Out of a manila envelope he drew some recent examples of his work. When she looked at the pictures, she saw that they were all of Mark—but as she had not seen him for a long time. Lit by sunlight filtered through white curtains, Mark lay stark naked on a brass bed. There was something very familiar to her in the expression on his face: wasn't it just the way he had once looked at her, years and years ago, when he was her own little boy and no one else's? This was the way he had lain on her bed after his bath, waiting for her to put his nightclothes on, looking at her with just those eyes with which he now looked into Kent's camera—full of flirtatious love. Some of Kent's studies, and these too were heartbreakingly familiar to her, were of Mark in back view. He hadn't changed at all—he was over thirty now but she saw that his back was still slender, long, and boyish, ending up in buttocks as sweetly rounded as a girl's.

Kent had his hair cut and it did not suit him at all. It made his ears and neck emerge naked and raw and also revealed a rash of small pimples on the back of his neck. He looked sullen and unattractive. “Why, he's just a lout,” Mark thought; he repeated the word in his mind, looking at Kent as with eyes newly opened.

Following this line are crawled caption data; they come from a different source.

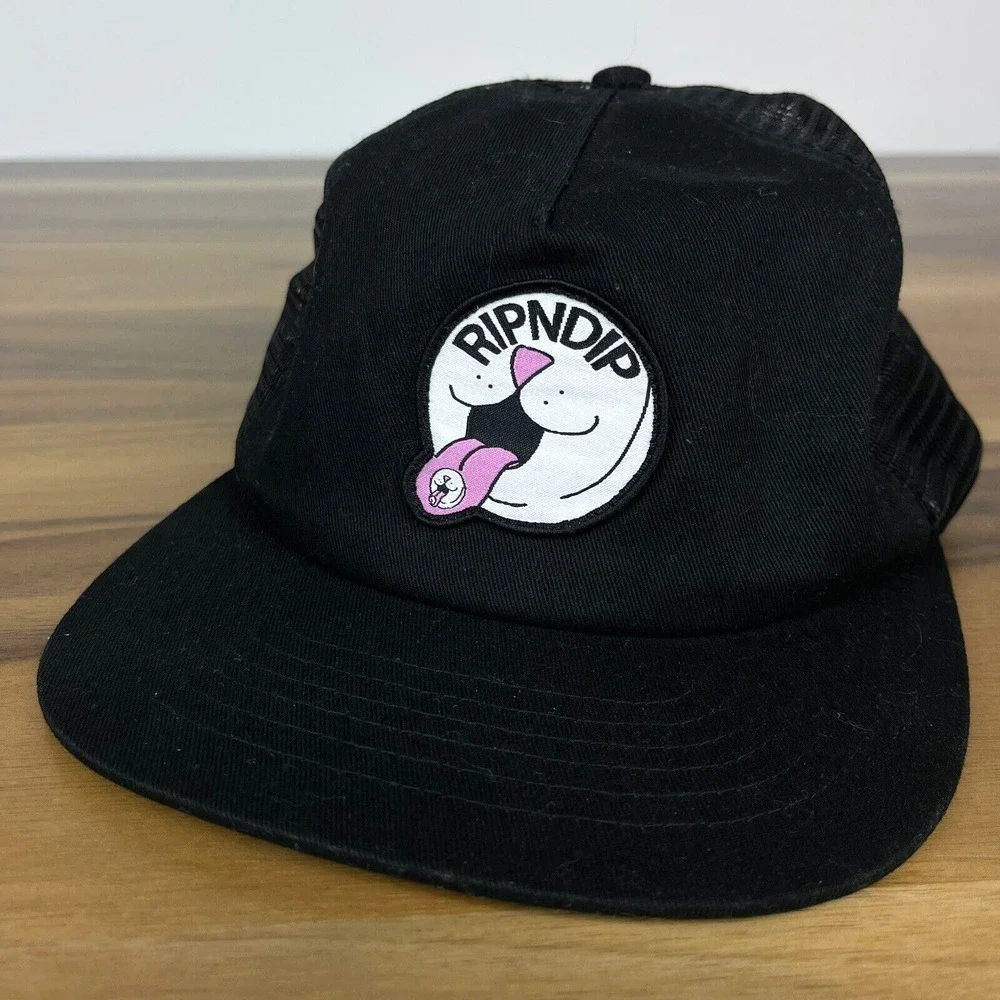 Ripndip Hat Baseball Cap Cat Tongue Strap Back Black Skater Streetwear Skater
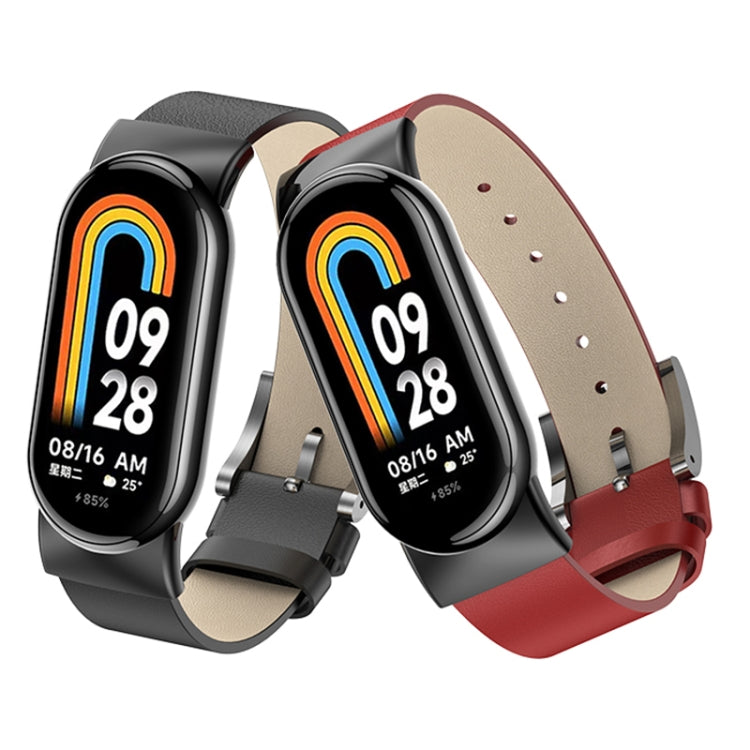For Xiaomi Mi Band 8 Leather Replacement Watch Band(Black) -  by PMC TechLife | Online Shopping South Africa | PMC TechLife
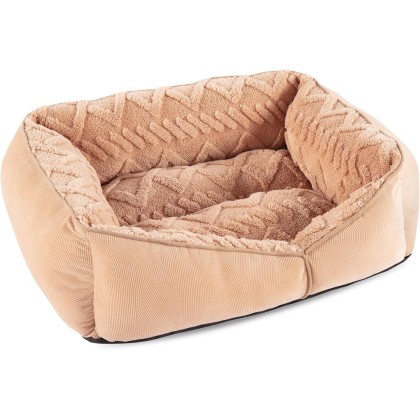 Rectangle Dog Bed for Medium Large Dogs Machine Washable Sleeping Sofa Non-Slip Bottom Cat Beds for Indoor Cats Warming Soft Calming Sleeping Puppy Bed Sturdy Pet Bed (M (30"x 24"x 9"), Brown)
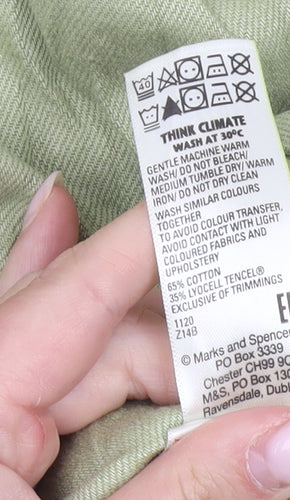 Marks and Spencer Girls Green Playsuit 11-12 Years Cotton Lyocell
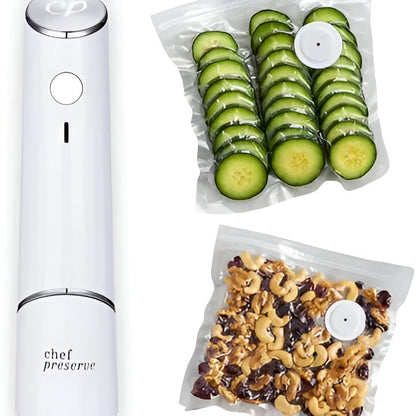 Automatic Vacuum Sealer with Battery Power and One-Button Operation, Reusable Bags Included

He felt that it had been a long time since he had met anyone new, and now he was eager to go through all that again—to part from a new partner at daybreak and to come home, slightly reeling with drink and satisfaction, at that point of dawn where the light from the street lamps and the light of the morning are equally frail. He began to go around the usual places and to make some new assignations; but his pleasure in them was marred by the thought that he might meet Kent there. Once he thought he did see him—it was in a dimly lit bar, and through the crowd of bodies pressed together, through the smoke and noise, he thought for a moment he glimpsed at a little table for two against a pillar an older man entertaining a young man who might be Kent. Mark strained backward a bit so as not to be seen (he too was entertaining a young man, a boy really, very sweet, English but hoping to get a green card and work in the theater). But he kept wondering—was it Kent?—and couldn't refrain from leaning forward again in that direction to see if it was. It wasn't, and Mark leaned back, exhaling, he thought, with relief; and yet for the rest of the evening he was distraught, so that his companion was disappointed in him and pouted in a terribly attractive way and said, “You don't actually really care for me.”